These are the key concepts you need to understand to accurately answer the question.

Vertical Circular Motion
Vertical circular motion occurs when an object moves in a circle in a vertical plane. It can be observed in daily situations like swinging a bucket of water in a circle or amusement park rides such as a Ferris wheel.
When discussing vertical circular motion, it's crucial to understand the forces at play, particularly at different points of the circle.
The object must follow a path where the gravitational force and any tension or support provide enough centripetal force to maintain the circular trajectory.
  • At the top of the circle: Both gravity and any tension in the support work together to provide the necessary centripetal force.
  • At the bottom of the circle: Tension must counteract gravity and still provide the centripetal force. This typically requires more tension than at the top.
This interplay of forces makes vertical circular motion different from horizontal circular motion. The balance between gravity, tension, and centripetal force dictates the minimum speed needed for an object to stay in motion without falling out of its path.
Gravitational Force
Gravitational force is the force of attraction exerted by the Earth on an object. It acts downwards and is defined by the equation:\[ F_g = mg \]where:
  • \( F_g \) is the gravitational force,
  • \( m \) is the mass of the object, and
  • \( g \) is the acceleration due to gravity, approximately \( 9.81 \, \mathrm{m/s^2} \) on Earth.

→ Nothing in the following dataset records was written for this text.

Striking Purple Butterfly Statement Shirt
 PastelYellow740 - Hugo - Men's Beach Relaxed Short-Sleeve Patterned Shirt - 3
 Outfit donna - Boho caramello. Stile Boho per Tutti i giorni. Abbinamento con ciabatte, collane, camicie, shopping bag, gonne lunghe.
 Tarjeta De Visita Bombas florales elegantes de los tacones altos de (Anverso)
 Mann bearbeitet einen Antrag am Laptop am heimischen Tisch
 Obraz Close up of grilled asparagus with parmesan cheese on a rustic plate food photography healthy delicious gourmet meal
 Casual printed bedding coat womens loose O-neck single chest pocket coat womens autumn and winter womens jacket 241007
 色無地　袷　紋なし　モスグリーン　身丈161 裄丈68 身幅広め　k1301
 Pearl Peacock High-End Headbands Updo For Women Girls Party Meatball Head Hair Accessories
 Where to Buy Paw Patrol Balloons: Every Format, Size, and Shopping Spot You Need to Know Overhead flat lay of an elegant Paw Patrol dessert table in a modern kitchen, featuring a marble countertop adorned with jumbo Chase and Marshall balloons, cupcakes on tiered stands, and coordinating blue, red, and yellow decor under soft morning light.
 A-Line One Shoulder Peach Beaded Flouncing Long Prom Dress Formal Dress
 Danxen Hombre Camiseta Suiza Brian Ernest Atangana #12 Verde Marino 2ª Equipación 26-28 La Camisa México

In vertical circular motion, gravitational force plays a dual role. It is necessary for providing the centripetal force required to keep the object in circular motion, especially at the highest point. At this point, gravitational force helps maintain the object's path without needing any additional support force.
Understanding gravitational force is key to solving problems involving vertical circular motion. For any object at the top of its path, ensuring gravitational force provides enough centripetal force is crucial, as tension can be zero under those conditions.
Minimum Velocity
Minimum velocity in the context of vertical circular motion is the lowest speed an object can have at the top of the circle and still maintain its circular path without falling. This concept is crucial in ensuring that the object, such as the pail of water, doesn't spill during its motion.The minimum velocity can be determined by setting the centripetal force equal to the gravitational force at the highest point, as seen in the equation:\[ \frac{mv^2}{r} = mg \]Simplifying gives us:\[ v^2 = rg \]Solving for \( v \), we get:\[ v = \sqrt{rg} \]where:
  • \( r \) is the radius of the circle.
  • \( g \) is the acceleration due to gravity.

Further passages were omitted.